- WHAT TO WORK ON
Take from the entries below the stretch from the line with "animonda GranCarno Adult" through the line with "IDMarket Etagère murale", and return it exactly, leaving the pictures out.

╭─ RECORDS FOR THIS TASK

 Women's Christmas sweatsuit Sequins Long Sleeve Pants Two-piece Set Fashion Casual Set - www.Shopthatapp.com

╰─
╭─ RECORDS FOR THIS TASK

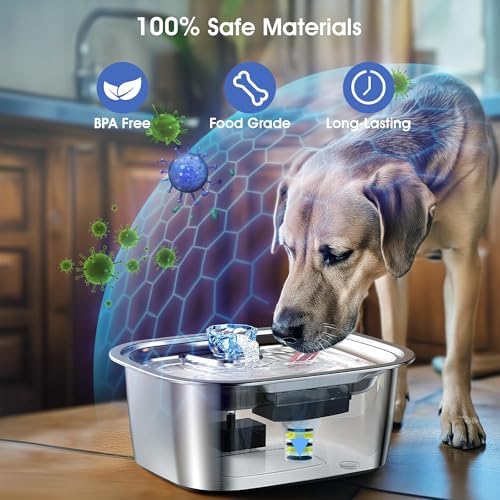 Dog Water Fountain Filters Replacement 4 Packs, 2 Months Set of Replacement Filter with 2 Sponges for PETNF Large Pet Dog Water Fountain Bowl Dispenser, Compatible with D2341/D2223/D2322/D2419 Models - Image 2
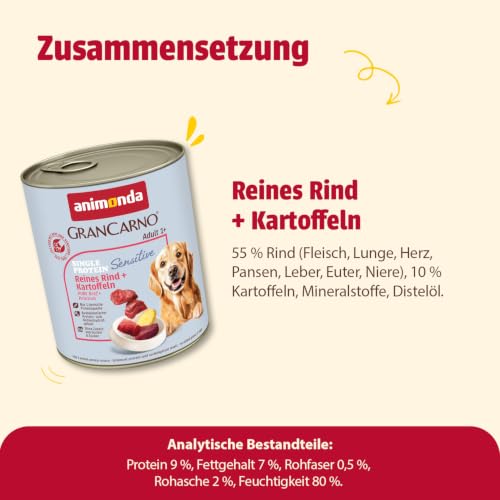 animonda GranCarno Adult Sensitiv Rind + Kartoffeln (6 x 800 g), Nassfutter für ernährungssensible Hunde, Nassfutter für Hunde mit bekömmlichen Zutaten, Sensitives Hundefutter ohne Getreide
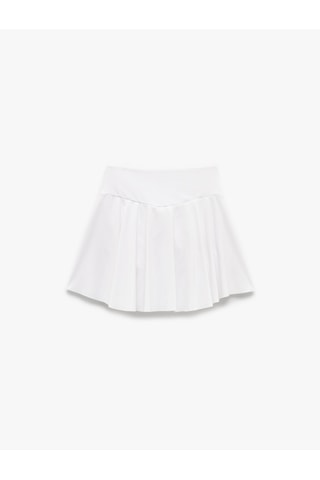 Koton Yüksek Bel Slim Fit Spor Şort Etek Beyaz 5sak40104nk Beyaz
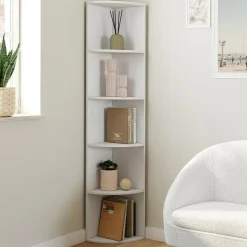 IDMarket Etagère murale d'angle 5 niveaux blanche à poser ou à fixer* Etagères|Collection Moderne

╰─

- RESULT
 animonda GranCarno Adult Sensitiv Rind + Kartoffeln (6 x 800 g), Nassfutter für ernährungssensible Hunde, Nassfutter für Hunde mit bekömmlichen Zutaten, Sensitives Hundefutter ohne Getreide
 Koton Yüksek Bel Slim Fit Spor Şort Etek Beyaz 5sak40104nk Beyaz
 IDMarket Etagère murale d'angle 5 niveaux blanche à poser ou à fixer* Etagères|Collection Moderne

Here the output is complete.